The market has fully priced in a rate cut at the conclusion of the Fed's FOMC policy meeting on Wednesday, in the middle of the US trading session. A slight disagreement is about how much the cut will be, but the chances of a "jumbo" 50 bps have been diminishing lately. Last week saw an unexpectedly bad jobs report, with the number of jobless claims initially jumping to the highest level in four years. However, it later emerged that the unexpected spike in unemployment was the result of attempts at fraud in Texas and will likely be revised downward.
Given the strong consensus, the focus will likely turn to what to expect from the October meeting. According to the Fed's dot-plot matrix, there should be two rate cuts in the second half of the year. The Fed will update its outlook for the year at this meeting, which could be pivotal for the market's rate outlook. The last projections saw the Fed expecting inflation above target at 3.1% by the end of the year. If that is maintained or raised, it could portend hawkishness from the Fed, but if it is reduced, the markets might start pricing in three rate cuts. There are only three rate decisions left (including Wednesday), so the Fed would have to cut in October and December too. If Fed Chair Powell doesn't leave the door open for that second rate cut, then the markets could come away with a hawkish impression of the Fed's outlook.

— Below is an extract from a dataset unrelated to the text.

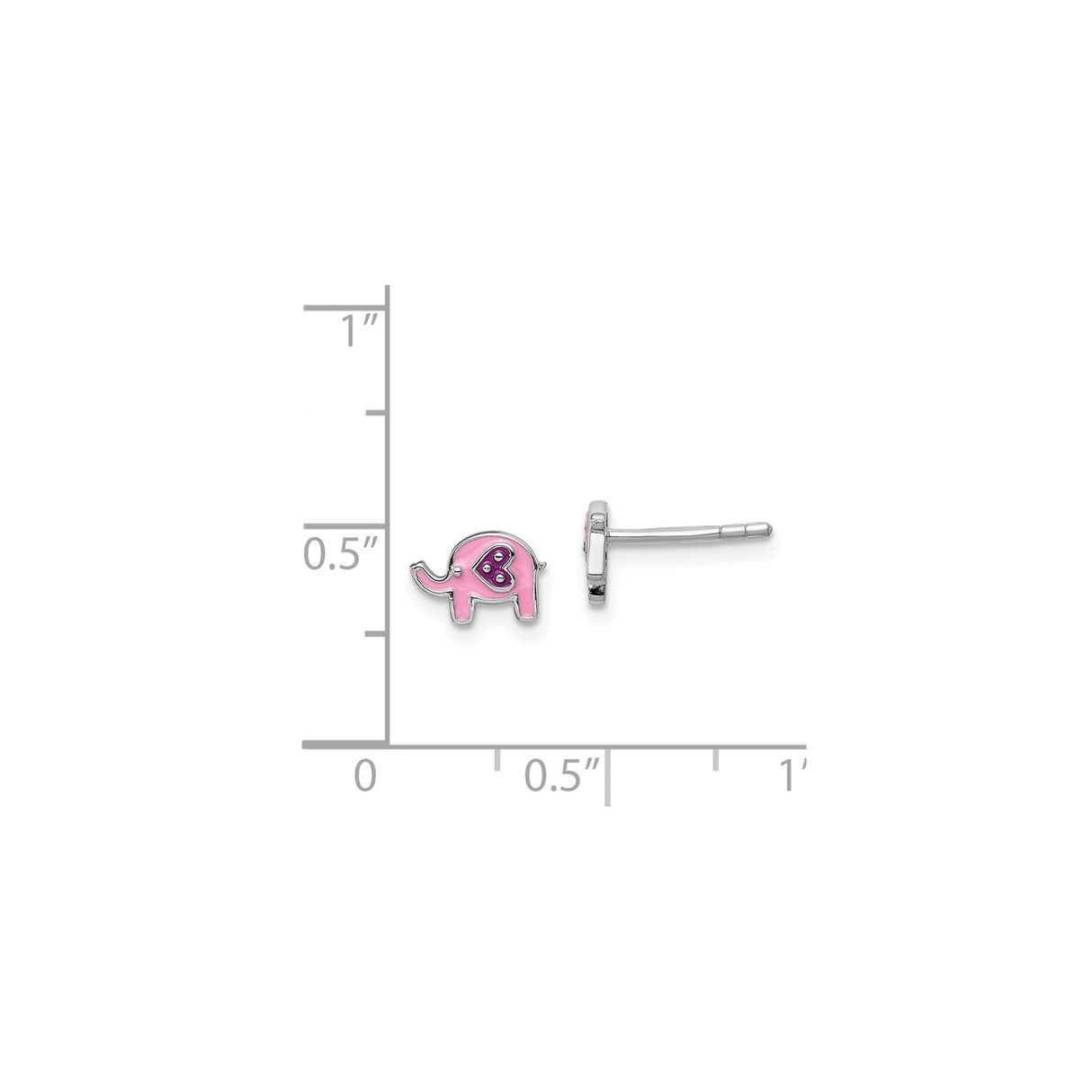 Sterling Silver Elephant Stud Earrings with Pink Enamel and Purple Heart Accent for Girls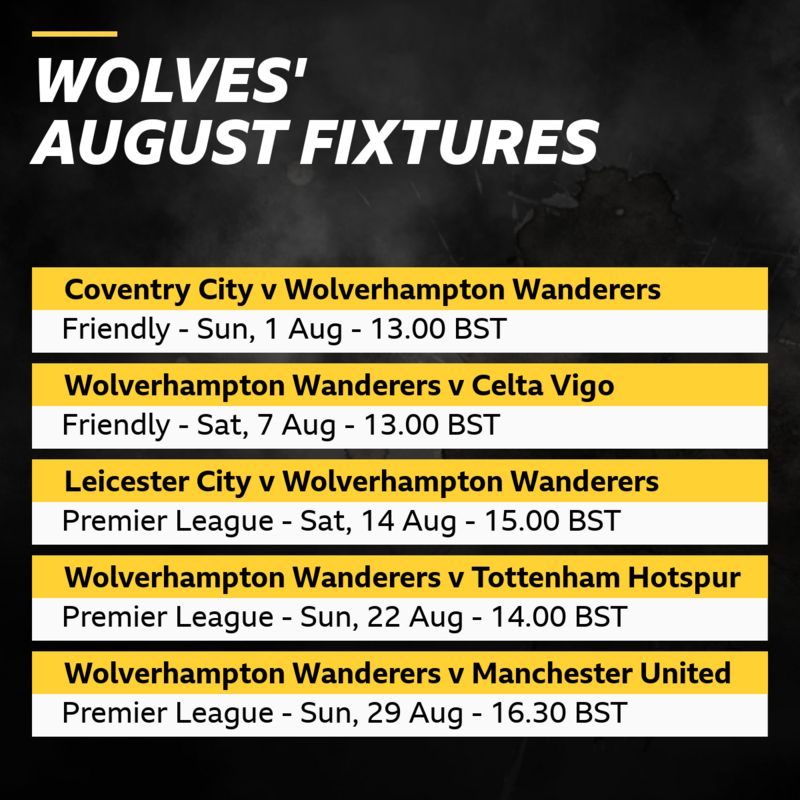 Wolves August fixtures BBC Sport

Both Morgan Stanley and Deutsche Bank expect 75 bps of easing from the Fed over the subsequent three meetings, citing a weaker economy and rising unemployment. Presumably, economic deterioration would supersede the signs of warming inflation. Lower rates would be expected to continue fuelling the recent gold rally, as they would lead to weaker demand for treasuries. However, there is the risk that markets have priced in too much of the Fed's pivot, and a more cautious approach to rate cutting could leave markets reeling. The market reaction could come down to an interpretation of Powell's phrasing at the post-rate decision conference, as he tries to walk the line between expressing concern over the labour market and talking down inflation expectations.
After three weeks of solid gains following the Jackson Hole Symposium in August, the upward trajectory of gold had taken a breather over the last week. But it appears to have been just a temporary pause even ahead of the Fed's rate decision, as the RSI extended to the overbought zone and gold to record highs. A continuation of the upward move would clear the way towards the round $3750 level if $3700 gives way to bulls. If the Fed appears more hawkish than anticipated, then gold prices could turn around as the RSI shows a double divergence. Support below $3670 could be seen at last week's low, which coincides with the lower Bollinger Band at $3620, with a breakdown heading towards the prior swing high of $3580.